Die Zerstörung des Hambacher Waldgebietes bleibt hochgradig umstritten. Nicht nur aus artenschutzrechtlichen Gründen: Der Tagebau Hambach liefert wie auch sein benachbartes Pendant bei Garzweiler Brennstoff für mehrere Braunkohlekraftwerke, die RWE im »Revier« betreibt. Sie zählen zu den klimaschädlichsten Anlagen Europas. RWE befeuert in der Region also die beiden größten globalen Umweltprobleme überhaupt: Den Klimawandel und den Verlust der Biodiversität mit der Artenvielfalt als Teilaspekt.

Seit rund zwei Jahren häufen sich Proteste und Aktionen zivilen Ungehorsams gegen Rodungen sowie Kraftwerksbetrieb. So besetzten Aktivisten mehrfach den Hambacher Forst. Republikweite Schlagzeilen erzeugte Ende letzten Jahres eine mehrtägige Räumungsaktion, bei der ein Braunkohlegegner sich in einem unterirdischen Tunnel verschanzt und mit der Polizei Katz und Maus gespielt hatte.

Weil darin aus seiner Sicht der Artenschutz nicht berücksichtigt wurde, klagte der BUND im Dezember 2012 gegen einen Betriebsplan für den Tagebau Hambach. Diese Klage lehnte das Verwaltungsgerichts Aachen ab - neun Monate später, während derer RWE zeitweilig weiter rodete. Begründung: Es sei höchst fragwürdig, ob der Verband überhaupt klageberechtigt sei. Falls ja, so habe er sein Klagerecht verwirkt, da er zu spät geklagt habe.

Der BUND sprach von einer »Gefälligkeitsentscheidung für RWE«. Man habe unmittelbar, nachdem man den Hauptbetriebsplan übermittelt bekommen habe, Klage eingereicht. Nur über Umwege habe man überhaupt von dessen Existenz erfahren. Der Plan sei im stillen Kämmerlein entschieden worden, der BUND hat ihn nach eigener Angabe aus eigener Initiative anfordern müssen. Das Datum des Inkrafttretens sei der Öffentlichkeit schlicht nicht bekannt gewesen. Also habe man auch keine Fristen verpassen können.

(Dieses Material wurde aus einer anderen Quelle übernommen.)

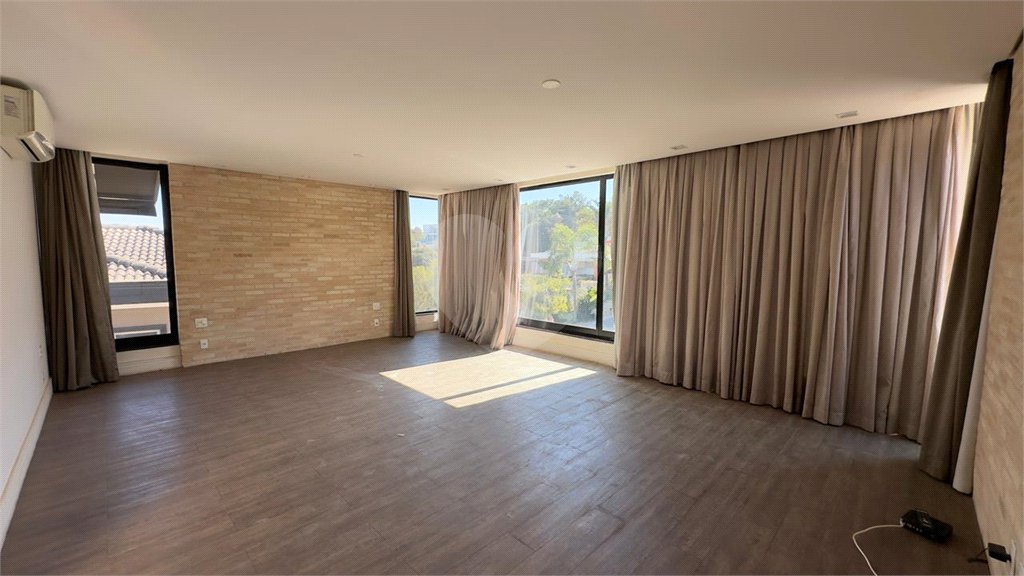 Casa à venda com 6 quartos, sendo 3 suítes, no condomínio Jardim Vila Paradiso, Indaiatuba - SP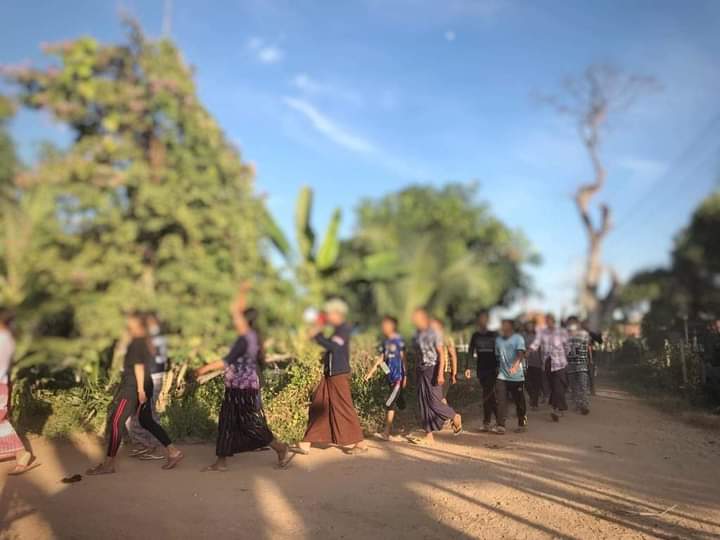 TTFR__Myanmar's tweet photo. Pro democracy residents of Taze marched for Anti coup strike this evening.

#HelpPoliticalPrisoners
#Dec14Coup
#WhatsHappeningInMyanmar https://t.co/reO2Cexcir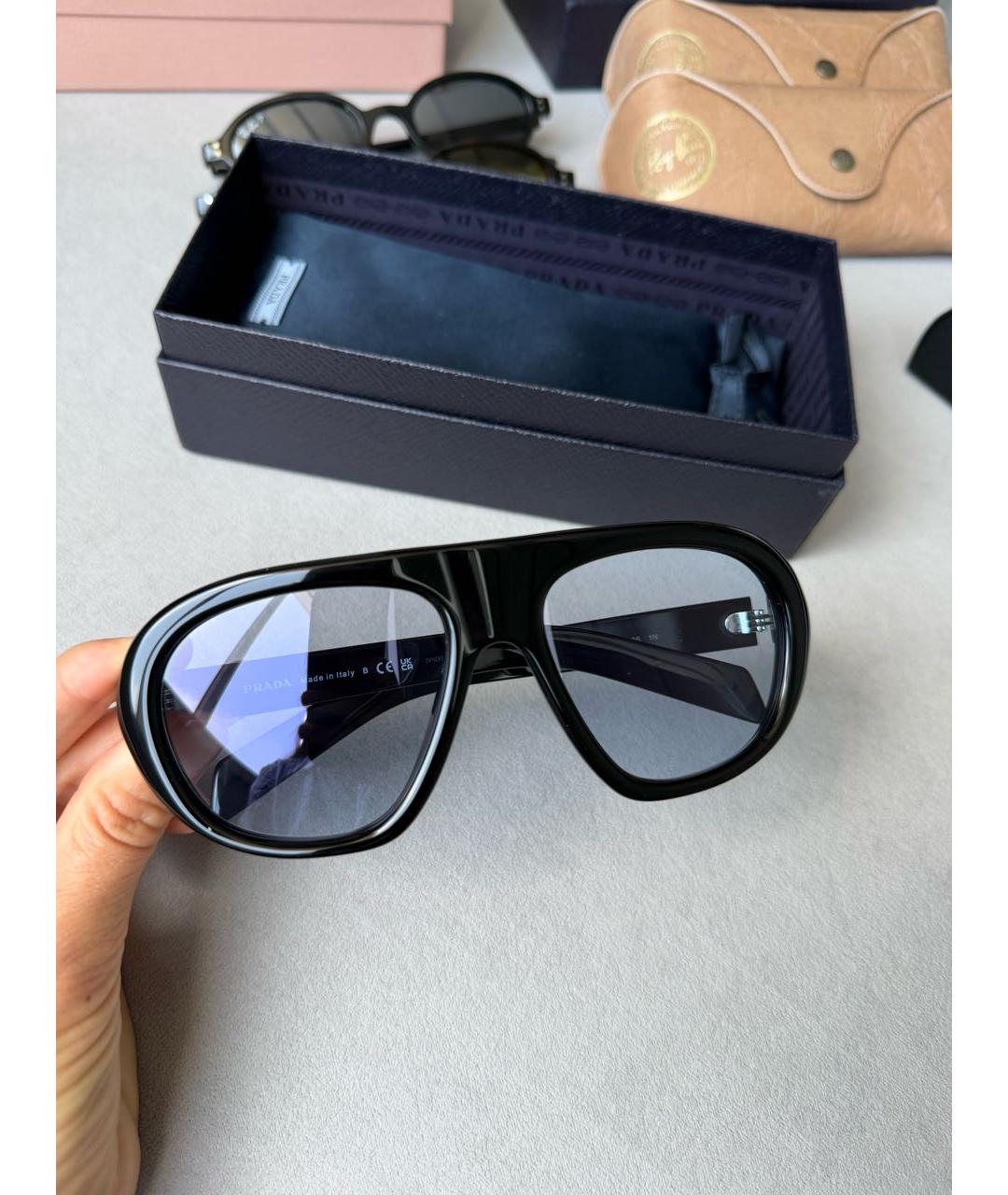 PRADA Черные пластиковые солнцезащитные очки, фото 5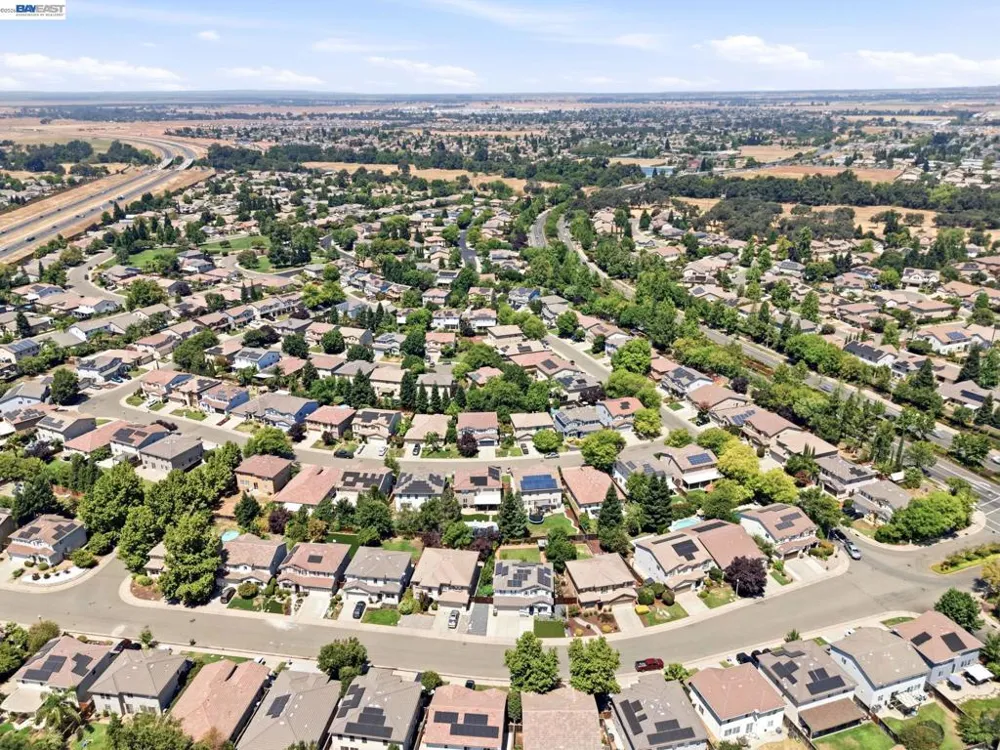 1015 Downing Cir Lincoln, CA 95648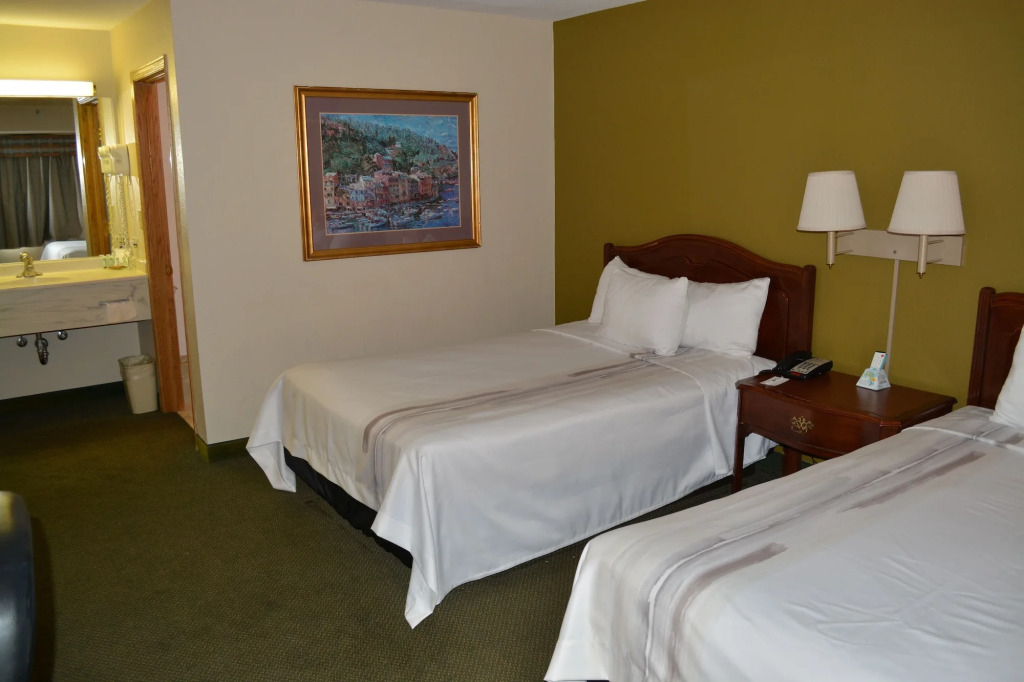 Chicago Lakeshore Hotel
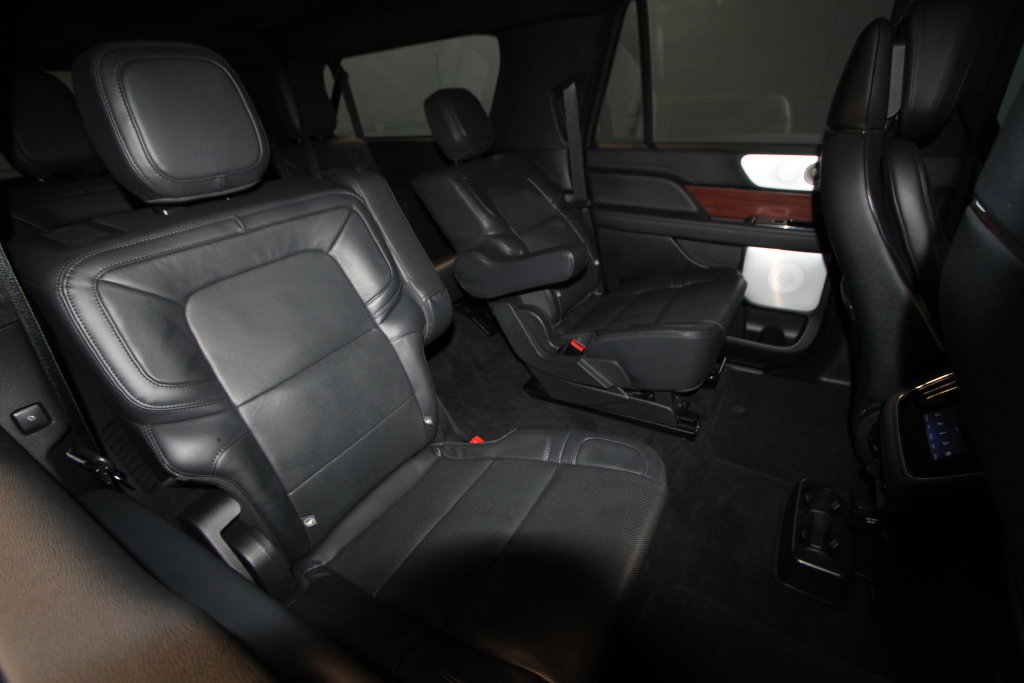 Used 2024 Lincoln Navigator L Reserve AWD/4WD image 26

Mit »fadenscheinigen formalen Argumenten« habe sich das Gericht um eine inhaltliche Klärung der aufgeworfenen Fragen gedrückt, lautete der Vorwurf des BUND. Gestern nun verkündeten die Umweltschützer, auf eine Berufung zu verzichten. »Recht haben und Recht bekommen sind immer noch zweierlei, insbesondere wenn es um Bergbauinteressen geht«, so Geschäftsleiter Jansen. Doch sei man von der Rechtswidrigkeit des beklagten Betriebsplans auch weiterhin überzeugt und behalte sich weitere Rechtsmittel vor.